OpenAI introduces latest AI reasoning models: o3, o4-mini Heaptalk

Heaptalk, Jakarta — OpenAI officially introduced its latest AI reasoning models, o3 and o4-mini. These models can use and combine tools within ChatGPT, including searching the web, analyzing uploaded files and other data with Python, reasoning deeply about visual inputs, and generating images.

“Today, we’re releasing OpenAI o3 and o4-mini, the latest in our o-series of models trained to think for longer before responding. These are the smartest models we’ve released to date, representing a step change in ChatGPT’s capabilities for everyone from curious users to advanced researchers,” OpenAI stated on its official page.

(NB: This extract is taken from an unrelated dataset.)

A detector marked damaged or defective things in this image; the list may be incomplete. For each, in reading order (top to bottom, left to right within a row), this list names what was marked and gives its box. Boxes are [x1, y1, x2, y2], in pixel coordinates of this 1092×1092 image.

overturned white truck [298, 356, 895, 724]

o3 and o4-mini are trained to reason about when and how to use tools to produce detailed and thoughtful answers in the right output formats, typically in under a minute, to solve more complex problems. This allows them to tackle multi-faceted questions more effectively, which is claimed as a step toward a more agentic ChatGPT that can independently execute tasks on users’ behalf.

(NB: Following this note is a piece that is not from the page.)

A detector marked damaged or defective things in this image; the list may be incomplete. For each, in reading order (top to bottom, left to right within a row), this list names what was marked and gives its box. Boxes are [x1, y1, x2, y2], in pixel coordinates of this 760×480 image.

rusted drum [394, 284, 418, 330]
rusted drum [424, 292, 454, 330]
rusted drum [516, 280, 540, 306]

Mastering coding, math, and science

The company added, “The combined power of state-of-the-art reasoning with full tool access translates into significantly stronger performance across academic benchmarks and real-world tasks, setting a new standard in both intelligence and usefulness.”

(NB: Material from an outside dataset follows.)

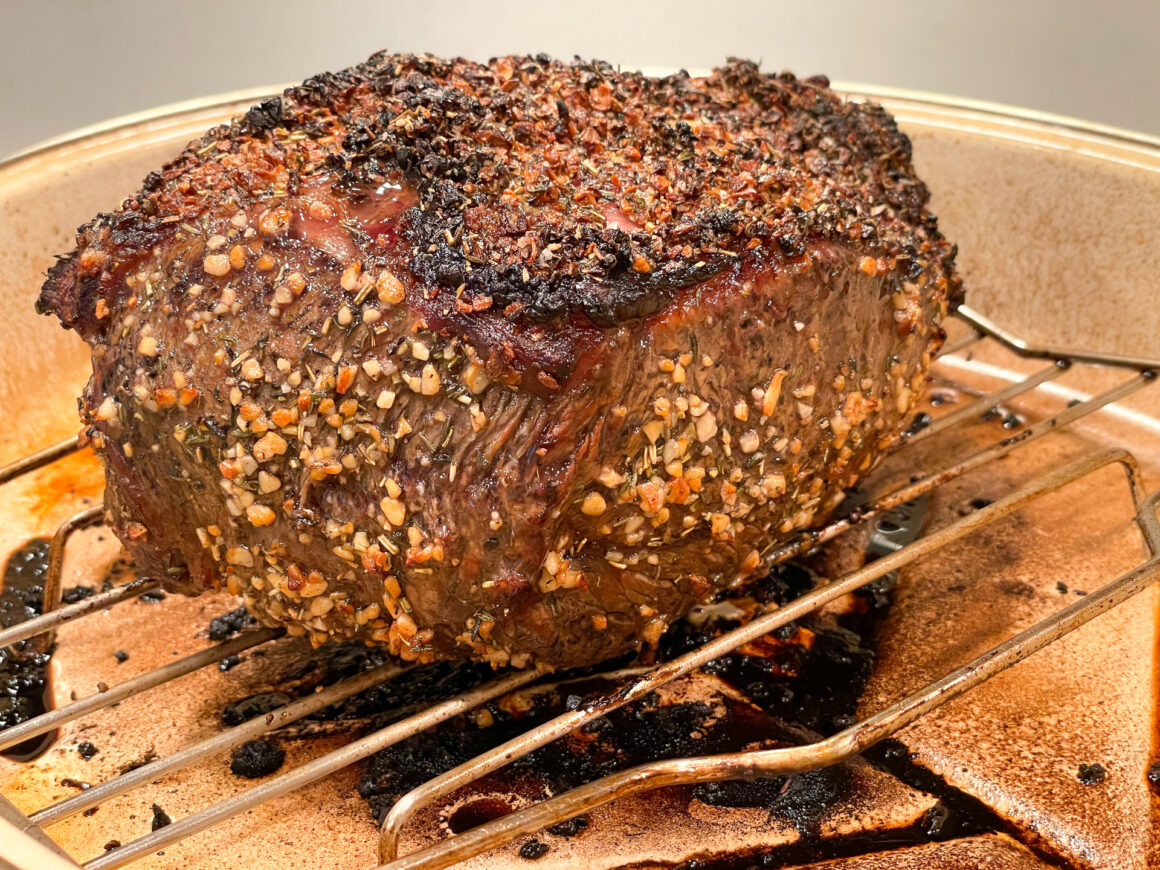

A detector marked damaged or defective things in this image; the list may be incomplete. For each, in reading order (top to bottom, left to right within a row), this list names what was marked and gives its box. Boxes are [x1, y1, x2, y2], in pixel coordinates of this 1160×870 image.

Claimed as OpenAI’s most powerful reasoning model, o3 mastered coding, math, science, and visual perception skills. It is designed for complex queries requiring multi-faceted analysis and whose answers may not be immediately apparent. It performs especially strongly at visual tasks like analyzing images, charts, and graphics. In evaluations by external experts, o3 makes 20% fewer significant errors than OpenAI o1 on complex, real-world tasks, especially excelling in areas like programming, business/consulting, and creative ideation.

o4-mini is a smaller model optimized for fast, cost-efficient reasoning. It performs well in size and cost, particularly in math, coding, and visual tasks. This model outperforms its predecessor, o3‑mini, on non-STEM tasks and domains like data science. As a result of its efficiency, o4-mini supports significantly higher usage limits than o3, making it a high-volume, high-throughput option for questions that benefit from reasoning.